IBM ist in erster Linie an Fach-, Berufsakademie- und Hochschulabsolventen der Fachrichtungen (Wirtschafts-)Informatik, Elektrotechnik, Wirtschaftsingenieurwesen sowie Betriebs- und Wirtschaftswissenschaften interessiert. Der weltweit größte Computerhersteller sagt ganz klar, dass ihm "fundiertes Fachwissen und Leistungsbereitschaft" sehr wichtig sind. Daneben spielten "Kommunikations- und Teamfähigkeit sowie Flexibilität und Lernbereitschaft" eine große Rolle.

Für weniger negative Schlagzeilen sorgten im vergangen Jahr der Maschinenbau und die Automobilindustrie. Hier betrug der Rückgang der IT-Stellen nur etwa 25 Prozent bis 30 Prozent. Fahrzeugbauer wie BMW oder Audi melden nach wie vor Bedarf an Computerfachleuten, und Audi-CIO Klaus Mühleck verkündet stolz, dass sein IT-Budget nicht gekürzt werde, im Gegenteil: in die IT werde viel investiert, und E-Business stehe erst am Anfang.
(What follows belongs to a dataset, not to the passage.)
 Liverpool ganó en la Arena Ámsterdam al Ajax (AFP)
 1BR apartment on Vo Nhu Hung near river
Der Ingolstädter Konzern sucht in erster Linie Mitarbeiter mit einer "fundierten akademischen Hochschulausbildung, technischem IT-Know-how und praktischen Erfahrungen, am besten in Form von Projektarbeit." Weniger gefragt seien die Entwickler; dieses Know-how könne man sich jederzeit am Markt einkaufen.

Clemens Jochum, CTO der Deutschen Bank, beobachtet einen grundlegenden Profilwandel der IT-Organisation.
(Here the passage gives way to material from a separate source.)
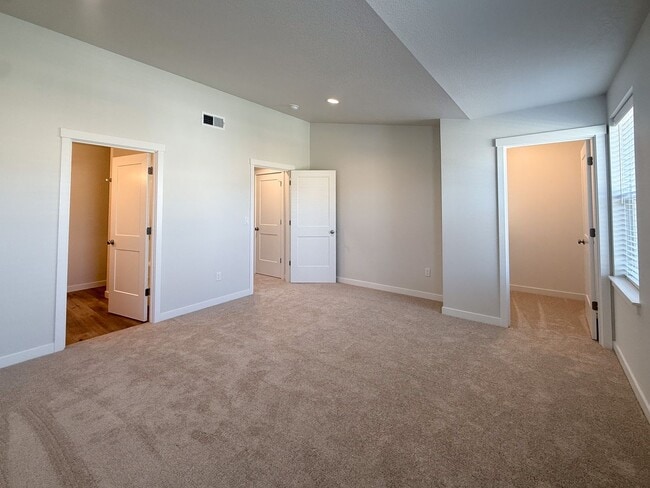 Building Photo - 352 SE Shetterly Dr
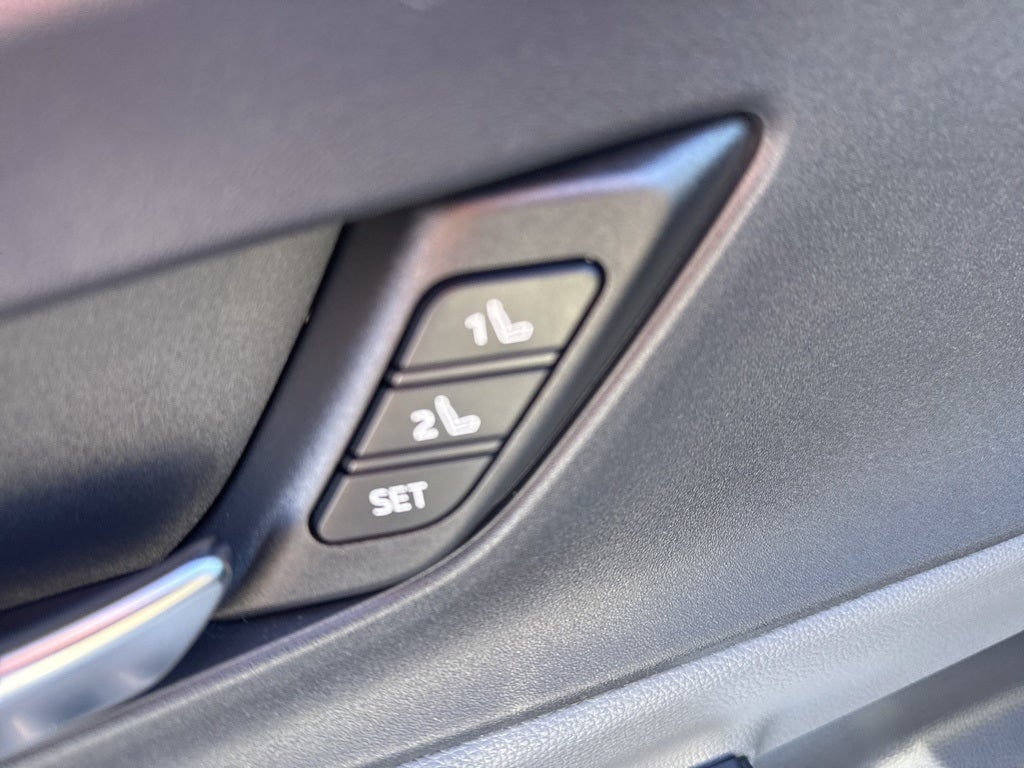 2023 Toyota Prius Limited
Clemens Jochum, Chief Technology Officer (CTO) der Deutschen Bank in Frankfurt am Main, beobachtet einen "grundlegenden Profilwandel" der IT-Organisation. Im künftigen Arbeitsmodell werde sie sich verstärkt konzeptionellen Tätigkeiten wie Design und IT-Architektur, der IT-Governance, aber auch dem Sourcing- und Vendor-Management als Kernkompetenz widmen.

Vom Handwerker zum Architekten

Für die Mitarbeiter der IT-Abteilung ergäben sich aus dieser Entwicklung "anspruchsvolle und interessante Perspektiven". Das künftige Arbeitsmodell bietet nach Jochums Meinung "inhaltsreichere und komplexere Wirkungskreise und sowie neue Arbeitsmöglichkeiten", fordere aber auch ein hohes Maß an Lernbereitschaft. Die neuen Anforderungen resultieren in einem veränderten Profil und Selbstverständnis der IT-Mitarbeiter: vom Handwerker zum Kaufmann und Architekten.
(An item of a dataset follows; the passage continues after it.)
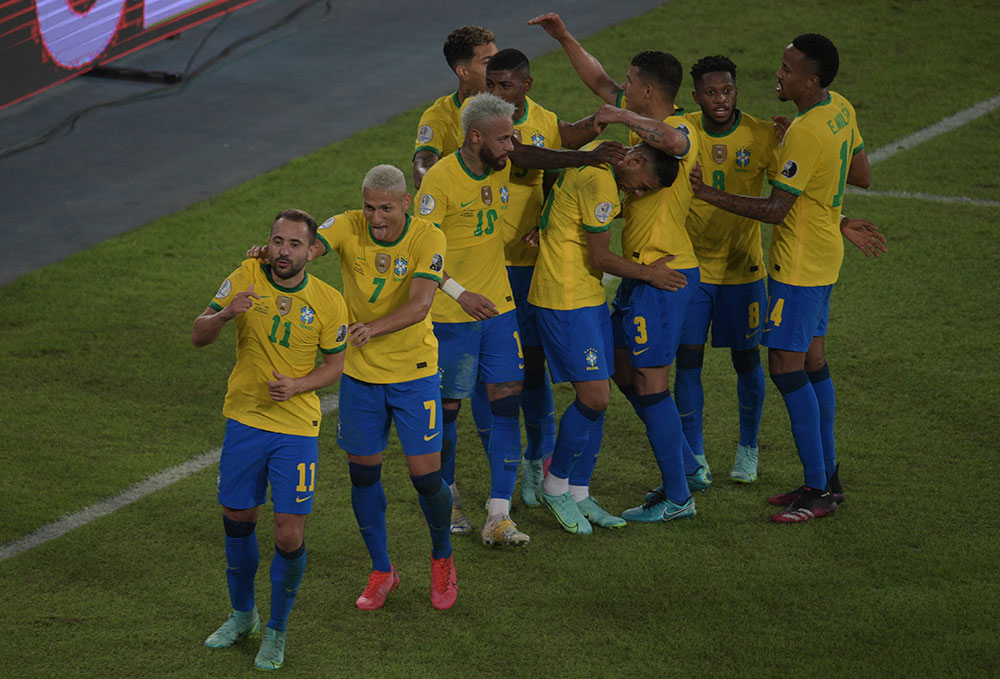 Brasil golea y pasa a octavos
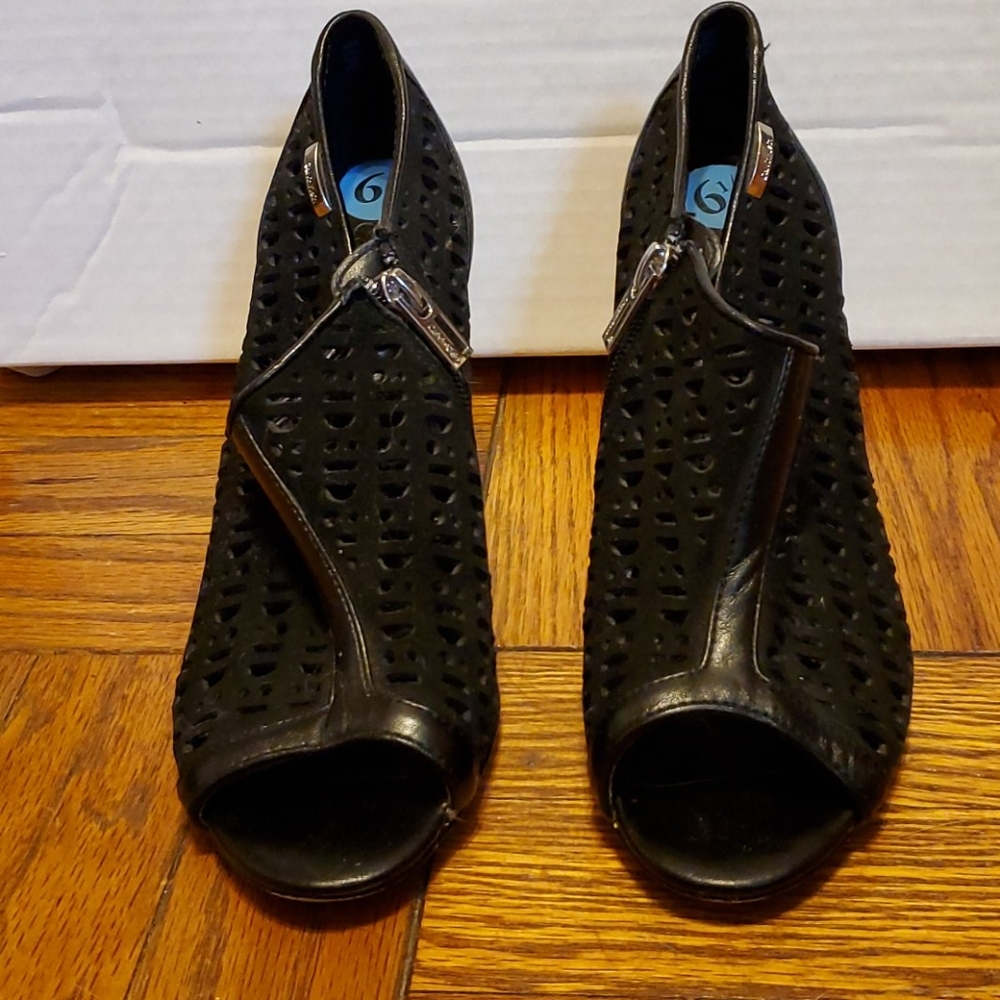 Black peep toe heels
Wenig Interesse an Netzexperten

Manche Berufe waren und sind von der schwierigen wirtschaftlichen Lage besonders stark betroffen. So verringerten sich laut Adecco die freien Stellen für Netz- und Internet-Experten um 65 Prozent gegenüber dem Vorjahr. Bei Datenbank- und Systemspezialisten macht der Rückgang 50 Prozent aus, bei den Programmierern und den Vertrieblern rund 45 Prozent. Am besten sieht es für CAD/CAM-Profis aus: Hier liegt das Minus bei 35 Prozent. Als Ausbildung erwarten laut Adecco die Unternehmen am ehesten ein Informatik- oder ein Ingenieurstudium. Nur in vier Prozent der Fälle wünschen sich die Arbeitgeber ein Betriebswirtschafts- und in drei Prozent ein Wirtschaftsinformatikstudium. Wer in der IT-Branche Fuß fassen will, hat in Nordrhein-Westfalen die besten Chancen. Die Zahl der ausgeschriebenen Jobs beträgt 2567, was einem Rückgang von rund 50 Prozent entspricht. Bayern leidet indes besonders stark unter der Krise der IT-Industrie: Im einstigen Hightech-Musterland

schrieben die Firmen im Vorjahr noch 3860 Computerstellen aus, im Jahr 2004 sind es nur noch 1805.